Would you please copy every line from the records that contains the word "Spacious"?
[The data Boundary: Start]
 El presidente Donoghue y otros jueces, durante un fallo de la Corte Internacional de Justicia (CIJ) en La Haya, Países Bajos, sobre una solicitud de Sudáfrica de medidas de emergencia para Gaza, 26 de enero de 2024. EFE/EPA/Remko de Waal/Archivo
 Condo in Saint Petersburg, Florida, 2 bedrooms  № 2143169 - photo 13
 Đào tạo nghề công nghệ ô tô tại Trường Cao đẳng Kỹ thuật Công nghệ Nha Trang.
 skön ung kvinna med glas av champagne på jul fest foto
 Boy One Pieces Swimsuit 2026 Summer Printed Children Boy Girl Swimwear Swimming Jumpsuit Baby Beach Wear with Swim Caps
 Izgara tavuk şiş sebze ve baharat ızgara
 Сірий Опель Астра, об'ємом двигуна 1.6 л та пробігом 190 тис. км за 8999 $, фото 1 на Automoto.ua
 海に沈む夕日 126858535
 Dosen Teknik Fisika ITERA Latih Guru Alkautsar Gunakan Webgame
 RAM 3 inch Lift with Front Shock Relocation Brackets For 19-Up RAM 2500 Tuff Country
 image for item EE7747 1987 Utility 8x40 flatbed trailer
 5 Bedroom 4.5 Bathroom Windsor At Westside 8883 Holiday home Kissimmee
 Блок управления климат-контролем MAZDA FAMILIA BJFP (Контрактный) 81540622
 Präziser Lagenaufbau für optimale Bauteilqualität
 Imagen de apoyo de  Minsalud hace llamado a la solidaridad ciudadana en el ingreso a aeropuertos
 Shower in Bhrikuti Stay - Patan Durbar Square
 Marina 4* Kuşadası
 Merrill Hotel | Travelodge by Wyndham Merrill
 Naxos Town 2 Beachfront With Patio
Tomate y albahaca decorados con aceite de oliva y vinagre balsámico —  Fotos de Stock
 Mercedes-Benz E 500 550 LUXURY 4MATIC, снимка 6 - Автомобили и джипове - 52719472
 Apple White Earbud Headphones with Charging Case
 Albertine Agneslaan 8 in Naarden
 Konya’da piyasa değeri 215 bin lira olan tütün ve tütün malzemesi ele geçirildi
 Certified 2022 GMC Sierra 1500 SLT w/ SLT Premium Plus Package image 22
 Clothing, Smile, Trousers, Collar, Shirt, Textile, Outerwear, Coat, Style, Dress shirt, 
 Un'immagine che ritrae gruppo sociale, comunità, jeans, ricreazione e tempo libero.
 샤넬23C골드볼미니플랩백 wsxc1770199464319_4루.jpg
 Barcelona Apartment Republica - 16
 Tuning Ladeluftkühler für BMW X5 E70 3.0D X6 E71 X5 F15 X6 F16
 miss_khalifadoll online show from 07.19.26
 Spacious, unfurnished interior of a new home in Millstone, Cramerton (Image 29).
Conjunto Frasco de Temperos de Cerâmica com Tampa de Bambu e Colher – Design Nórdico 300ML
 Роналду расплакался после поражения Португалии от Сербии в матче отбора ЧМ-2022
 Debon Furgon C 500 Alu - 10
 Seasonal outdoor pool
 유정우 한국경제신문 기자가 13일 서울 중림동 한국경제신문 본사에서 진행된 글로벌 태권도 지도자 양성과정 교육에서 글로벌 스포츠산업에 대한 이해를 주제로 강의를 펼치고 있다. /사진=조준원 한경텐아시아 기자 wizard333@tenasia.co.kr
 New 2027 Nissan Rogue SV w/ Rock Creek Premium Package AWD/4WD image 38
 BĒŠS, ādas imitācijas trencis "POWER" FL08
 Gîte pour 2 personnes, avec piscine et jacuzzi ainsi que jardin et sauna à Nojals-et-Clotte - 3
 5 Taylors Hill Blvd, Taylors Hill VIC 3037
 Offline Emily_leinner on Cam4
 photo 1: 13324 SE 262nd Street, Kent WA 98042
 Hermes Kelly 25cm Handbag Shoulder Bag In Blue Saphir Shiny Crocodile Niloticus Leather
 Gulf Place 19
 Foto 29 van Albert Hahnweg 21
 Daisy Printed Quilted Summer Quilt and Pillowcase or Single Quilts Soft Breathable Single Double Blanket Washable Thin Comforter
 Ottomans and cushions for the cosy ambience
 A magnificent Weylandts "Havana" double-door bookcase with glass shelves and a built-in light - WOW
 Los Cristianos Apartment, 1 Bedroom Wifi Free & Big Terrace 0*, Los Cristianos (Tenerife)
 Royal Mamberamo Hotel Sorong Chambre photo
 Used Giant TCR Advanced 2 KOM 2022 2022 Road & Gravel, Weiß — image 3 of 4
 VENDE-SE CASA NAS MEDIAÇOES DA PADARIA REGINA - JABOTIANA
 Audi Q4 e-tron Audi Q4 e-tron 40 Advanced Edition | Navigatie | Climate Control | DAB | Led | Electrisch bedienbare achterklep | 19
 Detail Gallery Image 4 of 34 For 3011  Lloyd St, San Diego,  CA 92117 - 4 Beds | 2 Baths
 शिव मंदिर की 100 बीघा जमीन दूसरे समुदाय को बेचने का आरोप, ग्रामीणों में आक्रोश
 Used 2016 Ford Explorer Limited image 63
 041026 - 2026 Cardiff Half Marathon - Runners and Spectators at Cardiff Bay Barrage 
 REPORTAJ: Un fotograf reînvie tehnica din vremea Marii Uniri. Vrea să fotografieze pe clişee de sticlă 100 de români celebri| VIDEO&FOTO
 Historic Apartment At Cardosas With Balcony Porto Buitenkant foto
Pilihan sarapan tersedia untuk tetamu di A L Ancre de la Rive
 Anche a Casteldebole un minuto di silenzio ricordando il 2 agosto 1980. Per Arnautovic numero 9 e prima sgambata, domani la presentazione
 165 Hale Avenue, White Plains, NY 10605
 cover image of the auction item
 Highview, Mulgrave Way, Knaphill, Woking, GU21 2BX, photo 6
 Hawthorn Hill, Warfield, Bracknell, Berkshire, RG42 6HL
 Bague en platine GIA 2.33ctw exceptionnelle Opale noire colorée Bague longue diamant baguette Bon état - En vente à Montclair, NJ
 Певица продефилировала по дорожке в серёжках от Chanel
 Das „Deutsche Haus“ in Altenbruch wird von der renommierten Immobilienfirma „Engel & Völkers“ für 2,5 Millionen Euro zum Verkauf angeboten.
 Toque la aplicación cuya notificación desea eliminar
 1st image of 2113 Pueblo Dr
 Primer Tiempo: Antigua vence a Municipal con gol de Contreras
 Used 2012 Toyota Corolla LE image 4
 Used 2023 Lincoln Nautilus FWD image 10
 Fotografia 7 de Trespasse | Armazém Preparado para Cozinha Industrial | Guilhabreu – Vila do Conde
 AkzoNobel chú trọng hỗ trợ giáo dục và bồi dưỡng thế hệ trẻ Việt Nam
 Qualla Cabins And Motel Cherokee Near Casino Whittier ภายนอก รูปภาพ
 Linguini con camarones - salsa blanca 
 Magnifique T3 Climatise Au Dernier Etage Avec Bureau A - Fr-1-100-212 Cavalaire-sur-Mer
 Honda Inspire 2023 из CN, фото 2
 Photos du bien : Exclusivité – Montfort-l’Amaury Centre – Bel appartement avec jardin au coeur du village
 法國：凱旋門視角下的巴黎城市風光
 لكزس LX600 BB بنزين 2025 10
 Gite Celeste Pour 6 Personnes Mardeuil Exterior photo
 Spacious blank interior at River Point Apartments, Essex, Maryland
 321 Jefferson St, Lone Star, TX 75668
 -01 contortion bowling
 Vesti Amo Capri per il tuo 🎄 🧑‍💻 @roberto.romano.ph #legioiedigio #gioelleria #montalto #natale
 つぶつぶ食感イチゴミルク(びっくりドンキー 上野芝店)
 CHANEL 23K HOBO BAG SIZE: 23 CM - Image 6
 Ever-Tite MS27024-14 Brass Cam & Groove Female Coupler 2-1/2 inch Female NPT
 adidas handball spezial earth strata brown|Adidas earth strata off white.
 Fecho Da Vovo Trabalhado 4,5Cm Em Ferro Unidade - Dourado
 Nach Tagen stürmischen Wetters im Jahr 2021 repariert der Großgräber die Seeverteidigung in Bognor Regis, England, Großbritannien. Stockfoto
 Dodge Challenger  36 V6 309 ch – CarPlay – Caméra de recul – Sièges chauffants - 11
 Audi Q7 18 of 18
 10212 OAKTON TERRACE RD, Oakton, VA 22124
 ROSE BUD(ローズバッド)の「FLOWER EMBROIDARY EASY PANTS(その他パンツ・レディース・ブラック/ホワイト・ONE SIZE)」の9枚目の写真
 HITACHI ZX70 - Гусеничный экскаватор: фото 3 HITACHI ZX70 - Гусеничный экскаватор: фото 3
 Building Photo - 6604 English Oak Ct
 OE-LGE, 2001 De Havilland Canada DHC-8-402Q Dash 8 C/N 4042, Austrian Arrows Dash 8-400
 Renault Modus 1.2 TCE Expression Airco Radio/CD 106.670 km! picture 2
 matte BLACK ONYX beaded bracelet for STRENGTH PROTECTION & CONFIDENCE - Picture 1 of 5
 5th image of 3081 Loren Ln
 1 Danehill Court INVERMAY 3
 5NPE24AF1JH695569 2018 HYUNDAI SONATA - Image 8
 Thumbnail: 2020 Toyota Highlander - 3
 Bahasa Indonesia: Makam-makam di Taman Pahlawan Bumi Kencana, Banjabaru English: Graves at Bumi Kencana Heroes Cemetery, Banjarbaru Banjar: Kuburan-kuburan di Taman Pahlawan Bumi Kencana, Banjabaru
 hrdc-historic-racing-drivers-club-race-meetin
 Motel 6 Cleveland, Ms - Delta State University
[The data Boundary: End]
Answer space:
 Spacious, unfurnished interior of a new home in Millstone, Cramerton (Image 29).
 Spacious blank interior at River Point Apartments, Essex, Maryland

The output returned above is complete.